Beyond the house, after the asphalt drive gave way to gravel, stood a large whitewashed barn, complete with weather vane and lightning rods atop the metal roof. I’d passed this property many times, but I’d never realized how big it was, or how beautiful. Beyond the barn a dirt track led farther out, winding into the pasture, where a pond glistened in a low hollow. The dirt track looped down past the pond, then angled up a hillside beyond. The only jarring notes in the whole pastoral, picturesque scene, a mere two miles from the heart of downtown Knoxville, were the black circle of grass and the blue strobes of the unmarked car belonging to Darren Cash, who’d told me where to meet him.
Cranking down my window—the morning was already hot but not yet unbearable—I caught the sweet, dusty fragrance of hay, a welcome change from the chemical fumes that had forced their way into my truck only a few minutes before. I idled past the barn, around the pond, and up the rise toward Cash, taking my time so I could enjoy the view. Cash was half sitting, half leaning on the trunk of his car, his arms folded, his biceps stretching the limits of a navy polo shirt. As I pulled alongside and parked, just outside the scorched circle, Cash used one foot to shove off from the rear wheel, then extended his hand through my open window for me to shake. Now that my engine was off, I could hear the steady whoosh of traffic somewhere through the woods to the north—not loud but surprising, considering I could see no signs of the bypass from here.
“Morning, Doc,” Cash said. “Nice
place, huh?”
“Very nice,” I agreed, clambering out. “I wouldn’t mind having a place like this myself.”
“Well, it could be coming on the market soon,” he said. “If we’re smart or lucky.”
“How long you been here?”
“About an hour. We were waiting for Latham at the gate down at the bottom of the driveway when he headed for work. He wasn’t too happy to see our little caravan.”
“Did he go on to work?”
“No way,” said Cash. “He’s in the house, acting all indignant, watching the evidence techs like a hawk. Trying to figure out what they’re looking for.”
I studied the burned circle, which measured maybe twenty yards across, then turned and looked back toward the house, which was barely visible. “For a place that’s as close to downtown as my house, this is mighty isolated,” I said. “I can see why nobody would have just happened by and seen a body in the car.”
He nodded. “Latham says she liked to park up here when she wanted to think.
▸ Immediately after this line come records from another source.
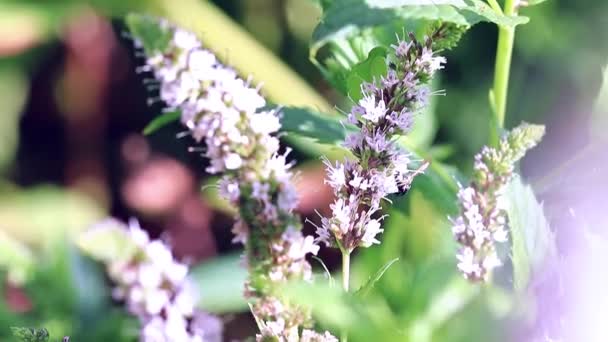 Wilde Gefährliche Wespe Sitzt Auf Frischen Minzblättern — Stockvideo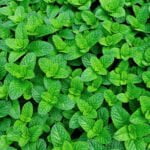 Beneficial Uses of Bone Meal: Discover Its Goodness for Vegetable Gardens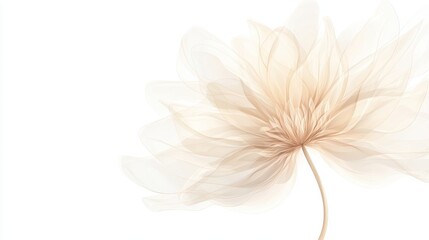Fototapeta premium A flower with a stem is shown in a white background. The flower is very large and has a lot of detail. The image has a serene and peaceful mood, as the flower is the main focus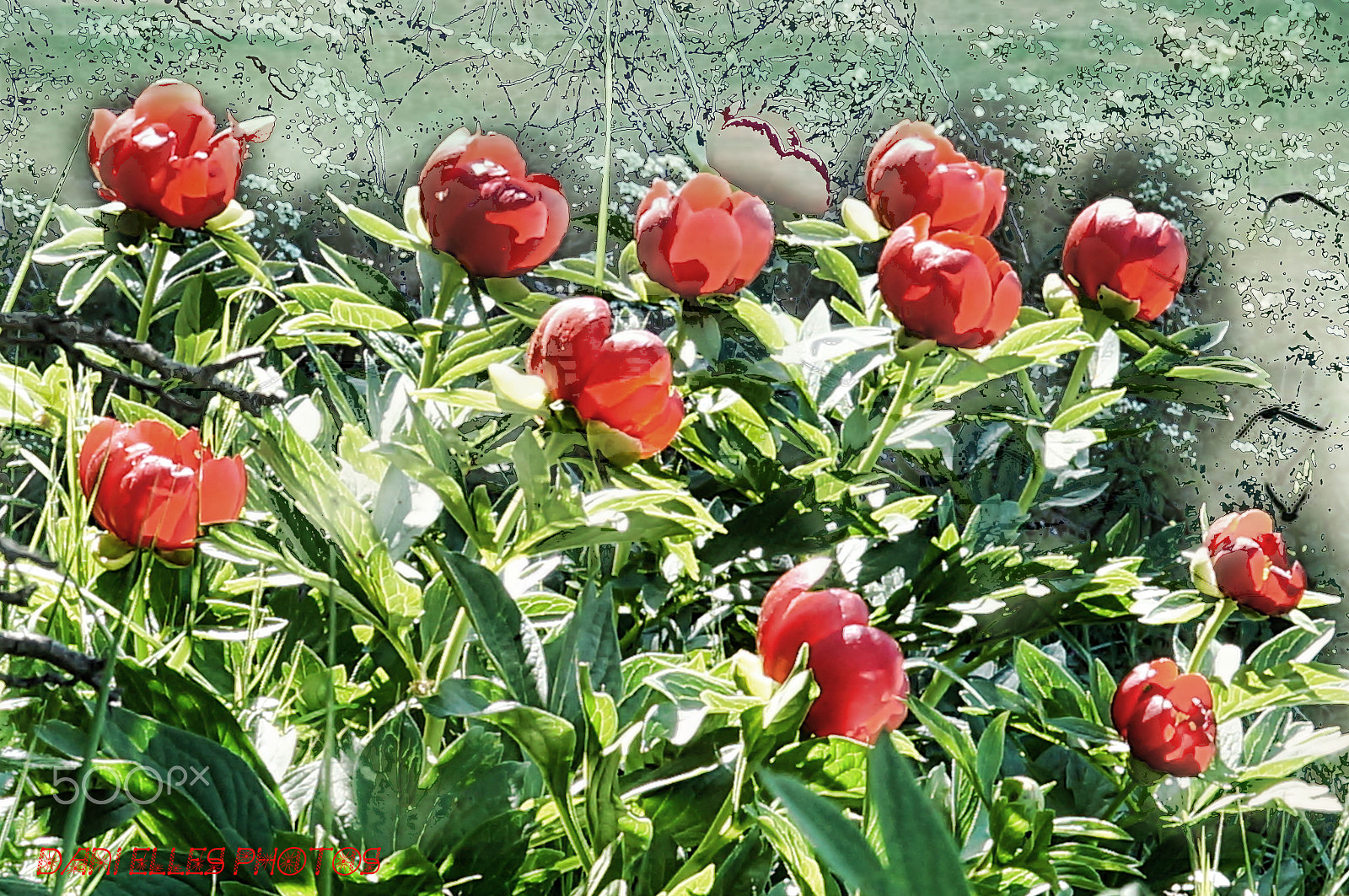 Sony Alpha NEX-3N sample photo. Delightful peonies.jpg photography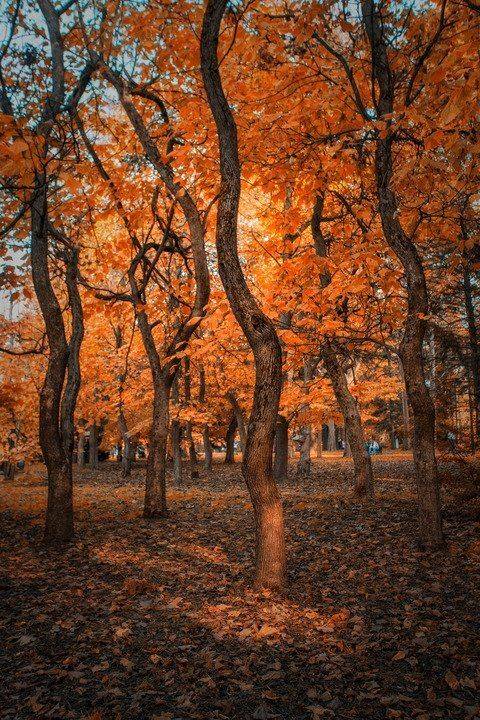 краснодар,осень,кубань,пейзажи,россия, Павел Сагайдак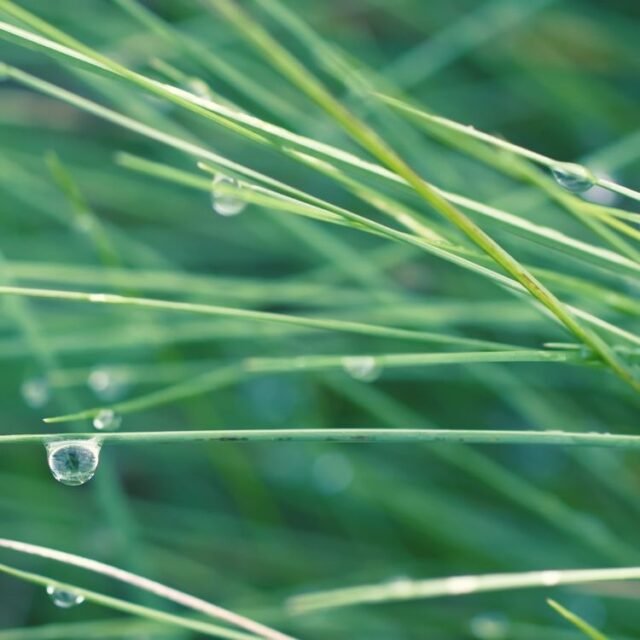 Natur Graeser 22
Sit and smoke and look at the view.”
I gazed out over the farmland. From the rise where we stood, the pasture had lovely views to both the east and the west. “Actually, I’ll buy that part of the story,” I said. “I’d probably do the same if I owned this chunk of land. Except for the smoking.”
“Which Latham mentioned three times in his statement. He actually said, ‘It was probably a cigarette butt that caught the grass on fire.’ When I read his statement the other day, I could almost feel his elbow nudging me in the ribs every time he mentioned the smoking.”
“That’s because he thinks cops are dumb,” I said. “Wanted to make sure they got it.”
“Another interesting thing about this location,” said Cash.
“Once the car was burning, hundreds of people would have seen the smoke from 640—it’s only a quarter mile through those trees. Half a dozen people called 911 to report a fire—which I’m sure he wanted.”
“To establish the time of the fire,” I said.